Activity | Write out an exact copy of the line containing "Women's Carolina Panthers" and all lines that follow it in the data below, leaving out pictures.

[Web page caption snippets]
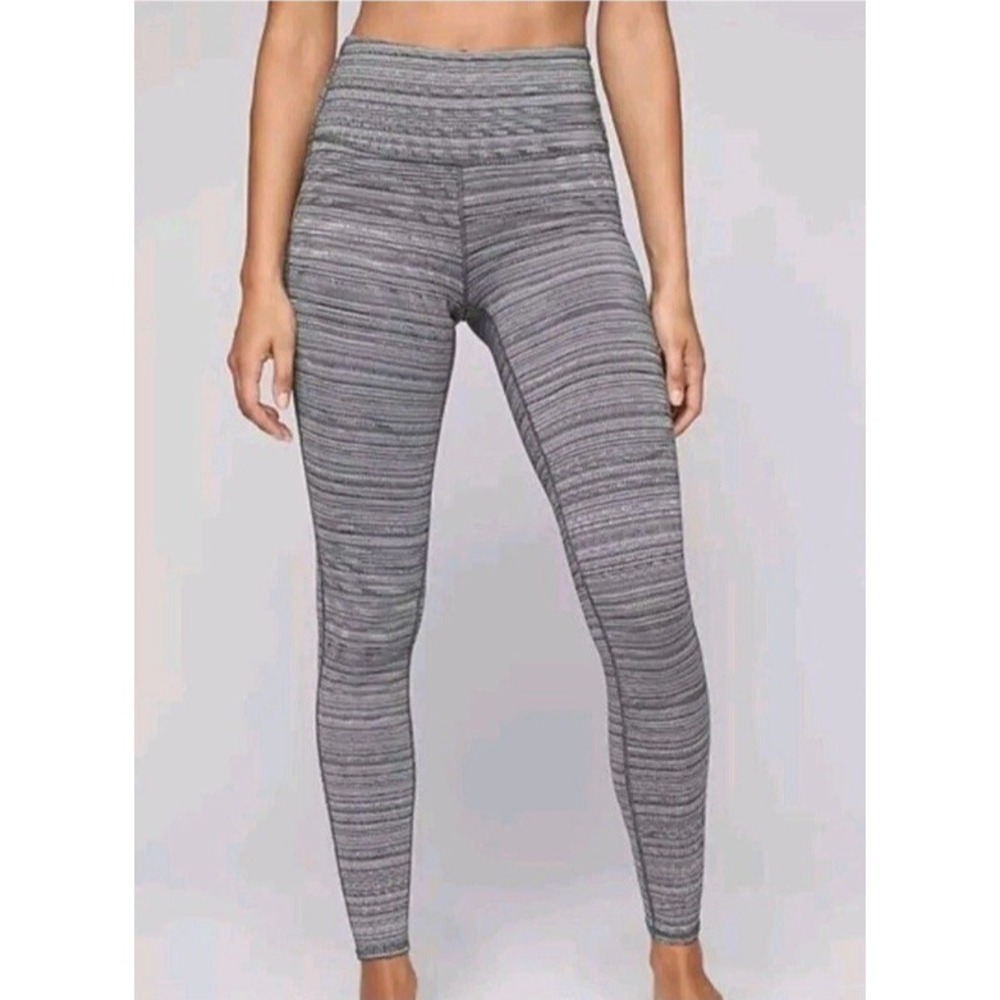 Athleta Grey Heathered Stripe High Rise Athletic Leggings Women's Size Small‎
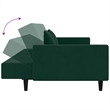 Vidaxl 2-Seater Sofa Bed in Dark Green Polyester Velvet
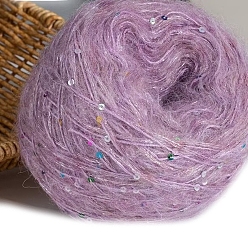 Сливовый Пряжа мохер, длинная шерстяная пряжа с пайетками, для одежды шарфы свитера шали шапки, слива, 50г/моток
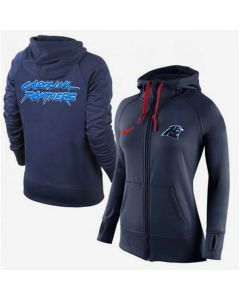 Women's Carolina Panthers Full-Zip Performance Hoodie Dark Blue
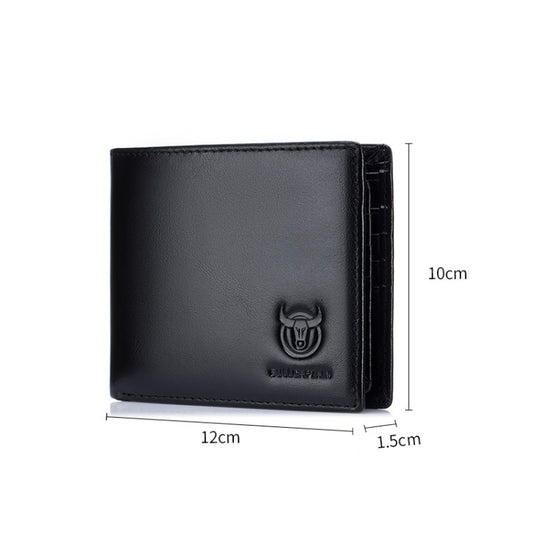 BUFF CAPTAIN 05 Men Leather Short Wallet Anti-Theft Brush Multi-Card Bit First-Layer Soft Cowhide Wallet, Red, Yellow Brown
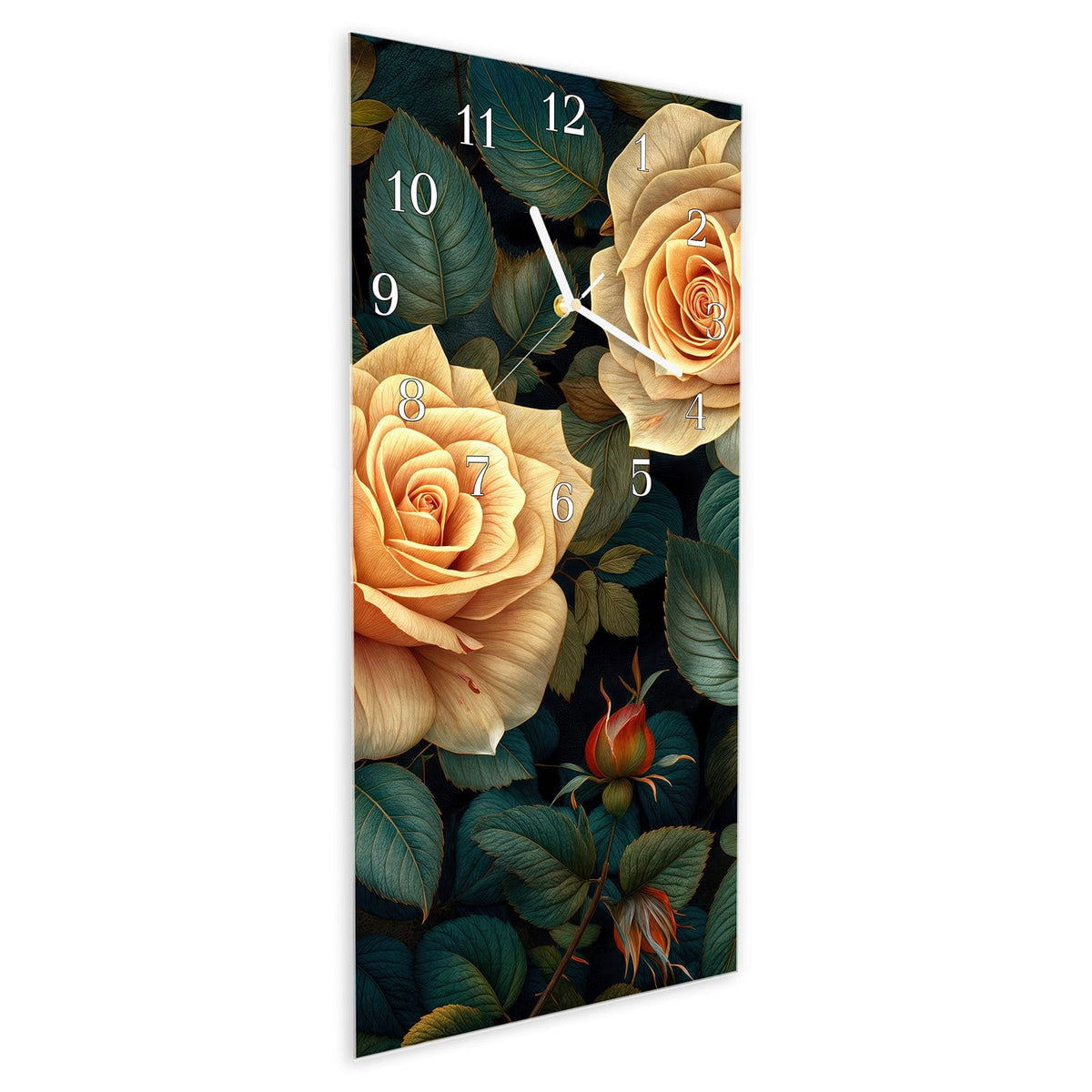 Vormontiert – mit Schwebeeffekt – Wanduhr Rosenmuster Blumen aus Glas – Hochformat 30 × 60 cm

Exercise response |
 Women's Carolina Panthers Full-Zip Performance Hoodie Dark Blue
 BUFF CAPTAIN 05 Men Leather Short Wallet Anti-Theft Brush Multi-Card Bit First-Layer Soft Cowhide Wallet, Red, Yellow Brown
 Vormontiert – mit Schwebeeffekt – Wanduhr Rosenmuster Blumen aus Glas – Hochformat 30 × 60 cm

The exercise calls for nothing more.